MATERIAL FOR THIS TASK
=== Section Start ===
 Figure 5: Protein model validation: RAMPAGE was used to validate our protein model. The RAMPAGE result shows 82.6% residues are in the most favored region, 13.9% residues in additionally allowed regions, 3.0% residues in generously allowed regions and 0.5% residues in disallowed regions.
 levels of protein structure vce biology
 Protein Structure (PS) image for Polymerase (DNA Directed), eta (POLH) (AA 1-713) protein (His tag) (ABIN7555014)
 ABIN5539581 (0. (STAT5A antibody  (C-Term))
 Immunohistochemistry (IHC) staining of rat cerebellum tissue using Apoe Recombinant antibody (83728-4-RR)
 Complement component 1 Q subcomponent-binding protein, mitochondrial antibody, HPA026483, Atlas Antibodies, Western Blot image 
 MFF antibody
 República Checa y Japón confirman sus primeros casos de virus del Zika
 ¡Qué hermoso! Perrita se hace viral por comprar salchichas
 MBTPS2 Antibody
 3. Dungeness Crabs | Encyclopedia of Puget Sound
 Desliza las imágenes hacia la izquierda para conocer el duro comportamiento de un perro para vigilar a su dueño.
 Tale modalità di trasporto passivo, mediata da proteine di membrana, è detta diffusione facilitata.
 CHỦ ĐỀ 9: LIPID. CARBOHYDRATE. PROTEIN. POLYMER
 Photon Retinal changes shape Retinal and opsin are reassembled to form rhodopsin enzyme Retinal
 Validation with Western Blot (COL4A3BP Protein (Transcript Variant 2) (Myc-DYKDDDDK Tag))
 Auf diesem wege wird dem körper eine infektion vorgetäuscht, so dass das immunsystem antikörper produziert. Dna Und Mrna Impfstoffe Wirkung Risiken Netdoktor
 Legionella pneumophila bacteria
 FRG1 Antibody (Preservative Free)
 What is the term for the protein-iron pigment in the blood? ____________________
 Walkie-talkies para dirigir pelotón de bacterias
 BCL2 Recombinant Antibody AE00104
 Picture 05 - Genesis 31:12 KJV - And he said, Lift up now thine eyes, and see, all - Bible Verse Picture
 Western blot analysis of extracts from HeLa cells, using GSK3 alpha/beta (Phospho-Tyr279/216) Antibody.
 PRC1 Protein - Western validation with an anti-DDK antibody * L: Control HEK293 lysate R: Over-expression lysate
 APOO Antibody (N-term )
=== Section End ===
PROBLEM DETAILS
Your reply should match the data above exactly, line for line.

TASK SOLUTION
 Figure 5: Protein model validation: RAMPAGE was used to validate our protein model. The RAMPAGE result shows 82.6% residues are in the most favored region, 13.9% residues in additionally allowed regions, 3.0% residues in generously allowed regions and 0.5% residues in disallowed regions.
 levels of protein structure vce biology
 Protein Structure (PS) image for Polymerase (DNA Directed), eta (POLH) (AA 1-713) protein (His tag) (ABIN7555014)
 ABIN5539581 (0. (STAT5A antibody  (C-Term))
 Immunohistochemistry (IHC) staining of rat cerebellum tissue using Apoe Recombinant antibody (83728-4-RR)
 Complement component 1 Q subcomponent-binding protein, mitochondrial antibody, HPA026483, Atlas Antibodies, Western Blot image 
 MFF antibody
 República Checa y Japón confirman sus primeros casos de virus del Zika
 ¡Qué hermoso! Perrita se hace viral por comprar salchichas
 MBTPS2 Antibody
 3. Dungeness Crabs | Encyclopedia of Puget Sound
 Desliza las imágenes hacia la izquierda para conocer el duro comportamiento de un perro para vigilar a su dueño.
 Tale modalità di trasporto passivo, mediata da proteine di membrana, è detta diffusione facilitata.
 CHỦ ĐỀ 9: LIPID. CARBOHYDRATE. PROTEIN. POLYMER
 Photon Retinal changes shape Retinal and opsin are reassembled to form rhodopsin enzyme Retinal
 Validation with Western Blot (COL4A3BP Protein (Transcript Variant 2) (Myc-DYKDDDDK Tag))
 Auf diesem wege wird dem körper eine infektion vorgetäuscht, so dass das immunsystem antikörper produziert. Dna Und Mrna Impfstoffe Wirkung Risiken Netdoktor
 Legionella pneumophila bacteria
 FRG1 Antibody (Preservative Free)
 What is the term for the protein-iron pigment in the blood? ____________________
 Walkie-talkies para dirigir pelotón de bacterias
 BCL2 Recombinant Antibody AE00104
 Picture 05 - Genesis 31:12 KJV - And he said, Lift up now thine eyes, and see, all - Bible Verse Picture
 Western blot analysis of extracts from HeLa cells, using GSK3 alpha/beta (Phospho-Tyr279/216) Antibody.
 PRC1 Protein - Western validation with an anti-DDK antibody * L: Control HEK293 lysate R: Over-expression lysate
 APOO Antibody (N-term )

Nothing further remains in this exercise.